For the $M$ points, after the split they will take on values $\{ \hat{y_1}, \dots, \hat{y_M} \}$, each of which will be one of two possible values: $w$ or $z$. We'll say that $\hat{y_i} = w$ if $x_i < \lambda$, and $\hat{y}_i = z$ otherwise. Thus $x = \lambda$ is the splitting point.

Suppose you are trying to minimize some loss function, $L(\textbf{y}, \hat{\textbf{y}}) = \sum_i l(y_i, \hat{y_i}).$ This may be the sum of squared error, the cross-entropy, or something else depending on whether you're doing regression, classification, etc.

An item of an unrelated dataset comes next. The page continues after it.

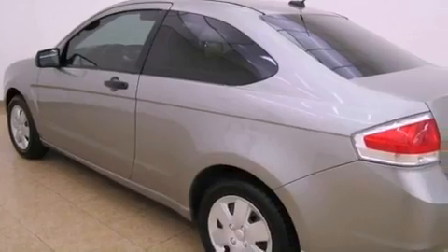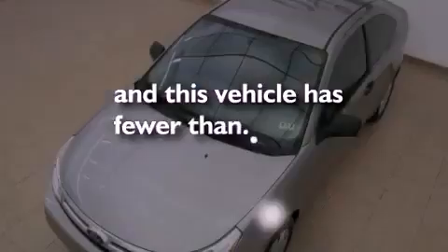Additional features include 12-volt power outlets, halogen headlights, a rear split bench seat, and this vehicle has fewer than 38,000 miles on the odometer.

For example, if your loss function is the sum of square error (assuming you're doing regression), the post-branch value of your loss function for all $M$ values in the current branch is:

$$ L = \sum_{x_i < \lambda} \left ( y_i - w \right)^2 + \sum_{x_i \ge \lambda} \left(y_i - z \right)^2. $$ The goal is to minimize this with repsect to $\lambda$, $w$, and $z$ simultaneously.

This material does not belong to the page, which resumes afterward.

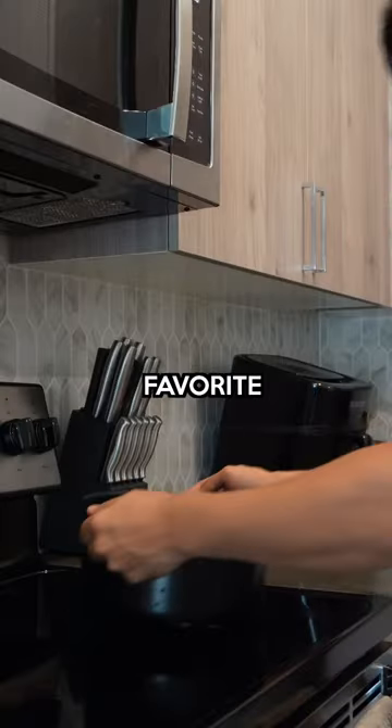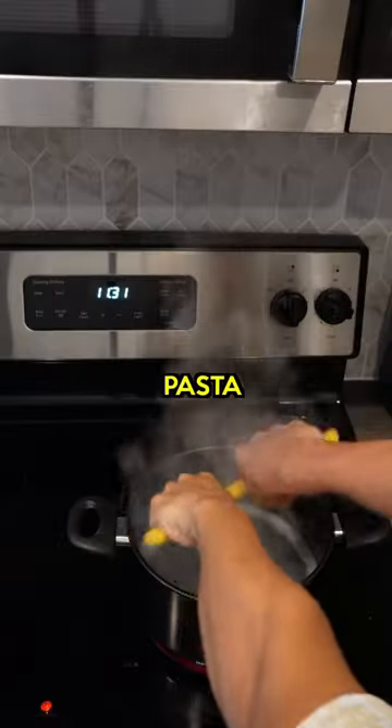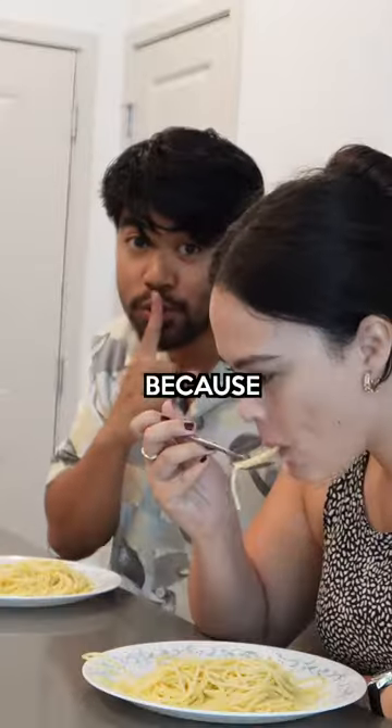Now use that recycled water to cook all your favorite dishes like noodles, pasta, and ramen. And most importantly, do not tell your family. Because...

It's not easy to see how to minimize this right off the bat, because it's a discontinuous function with respect to $\lambda$ (changing it changes which $x$'s are in each region). For a given $w$ and $z$, $L$ is a piecewise flat function of $\lambda$. That is, if there are no values in the observation set between $x_k$ and $x_l$, then $L$ is a constant in $[x_k, x_l).$ Thus, for convenience, $\lambda$ can be taken to be any one of points in the observed values $\{x_1, \dots, x_M \},$ because any slight shift in $\lambda$ that doesn't change the region distribution of the $x$'s will not change $L$. It's easy to see that, for a given value of $\lambda$, the optimal values of $w$ and $z$ are the means of the $y$ values in each respective region. Thus, to optimize $w, z, \lambda$, we can simply run $\lambda$ through all values in $\{x_1, \dots, x_M\}$, assigning $w$ and $z$ to the appropriate means in each case, and evaluate $L$. We choose the values that minimizes $L.$

This tells you how to find a branching point for a given feature $x$. However, at each branch, you want to minimize not only the branching point and values of each branch, but the variable that you want to branch. Since the minimization for each variable is a quick process, it suffices to do the minimization for all variables (or all of them in the subset being considered, if you're subsampling the columns to avoid overfitting), then pick the one that gives the best minimization (biggest decrease in loss function).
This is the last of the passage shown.